The investment banking arm of Norway’s biggest bank has reported a much brighter economic outlook for the country than that described by politicians trying to oust the conservative government. DNB Markets believes the oil industry crisis is letting up, unemployment rates are declining and gross national product is on the rise.
The outlook is brighter than it’s been for several years, reports DNB Markets. That’s in sharp contrast to the gloomy outlook described by Labour Party leader Jonas Gahr Støre as he opened the party’s annual national meeting on Thursday. He gave the government no credit for leading Norway out of its worst economic setback in years, when oil prices collapsed in 2014, and complained that unemployment remains a major problem.
‘Returning to normal’
Not so, according to the economists at DNB, which ironically is led by a chief executive from the Labour Party itself, Rune Bjerke. DNB Markets believes the Norwegian economy is “returning to normal,” which amounts to robust by most international standards.
“We expect that the brakes on the oil industry will disappear, while financial policy will become less expansive and homebuilding (currently in the midst of its biggest boom in more than 30 years) will slack off,” Kjersti Haugland, chief economist at DNB Markets, wrote in its latest quarterly report released Thursday.

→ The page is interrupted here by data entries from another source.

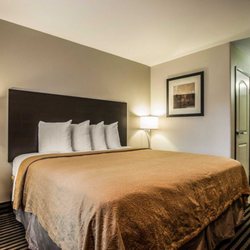 Quality Inn Suites 50 Photos 79 Reviews Hotels 555 N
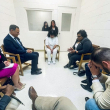 En esta foto de archivo tomada el 8 de abril de 2022 muestra a Melissa Lucio (al centro) inclinando la cabeza en señal de oración durante una reunión con un grupo bipartidista de legisladores de Texas en el centro penitenciario de Gatesville, Texas. Foto: AFP.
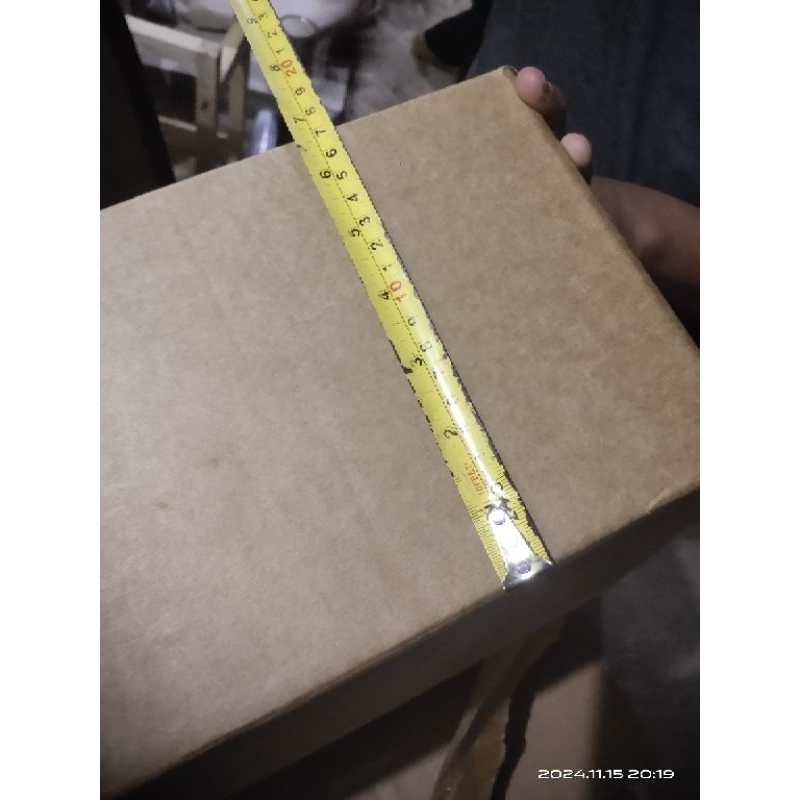 

kerdus bahan 41x35x17cm 3ply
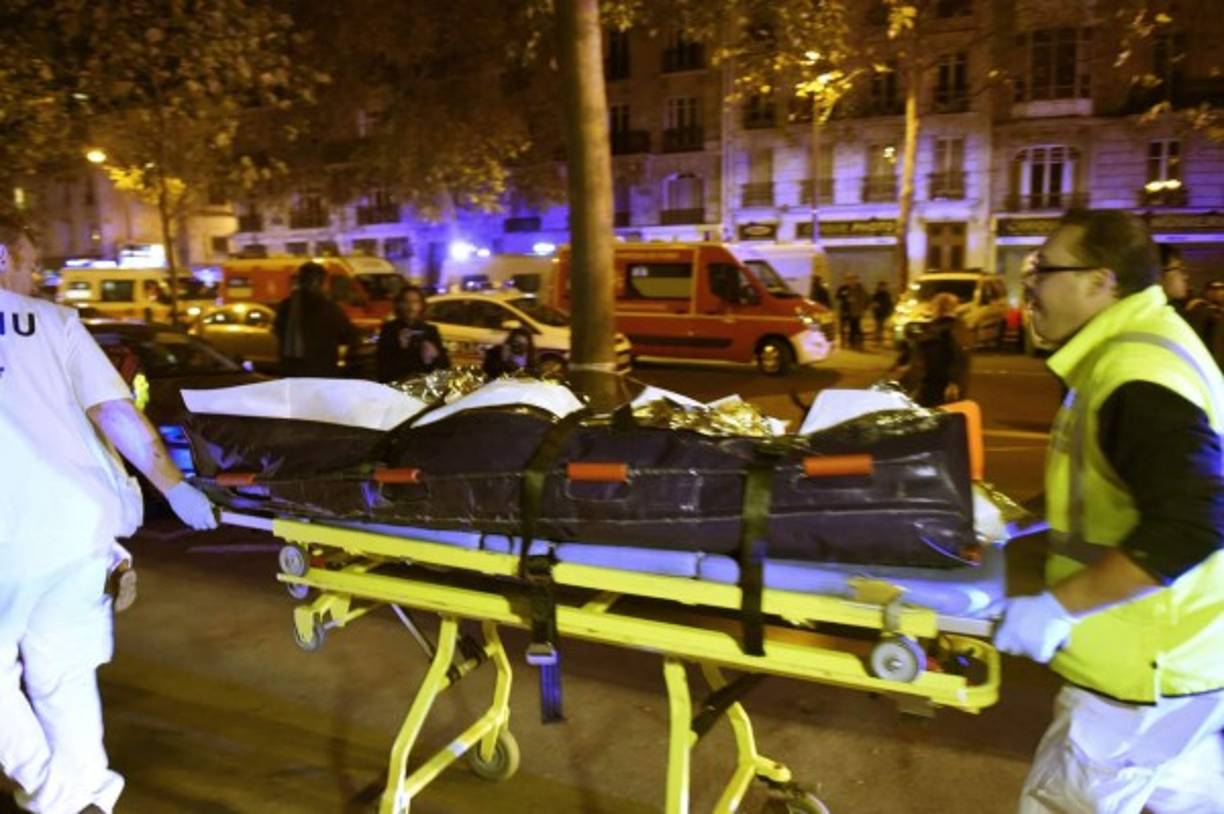 Según los medios franceses, en el interior de la sala se ha cometido una auténtica 'carnicería.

“Inflation will decline further and the krone will gradually strengthen,” Haugland continued. “Optimism is on its way back.”
Latest optimistic prognosis
DNB’s analysis is in line with several other recent prognoses in recent months. There are clear signs of economic improvement in the areas that most often are leading indicators. DNB Markets predicts that Norway’s mainland GNP will grow by 1.6 percent year and 1.7 percent next year.
The DNB economists also predicted that the fall in oil investments will ease and hit bottom next year, and that oil prices will rise to around USD 65 a barrel this year and by another USD 5 next year.
DNB Markets also believes that unemploment has topped out and will continue to fall, to 4.4 percent this year and 4.2 next year.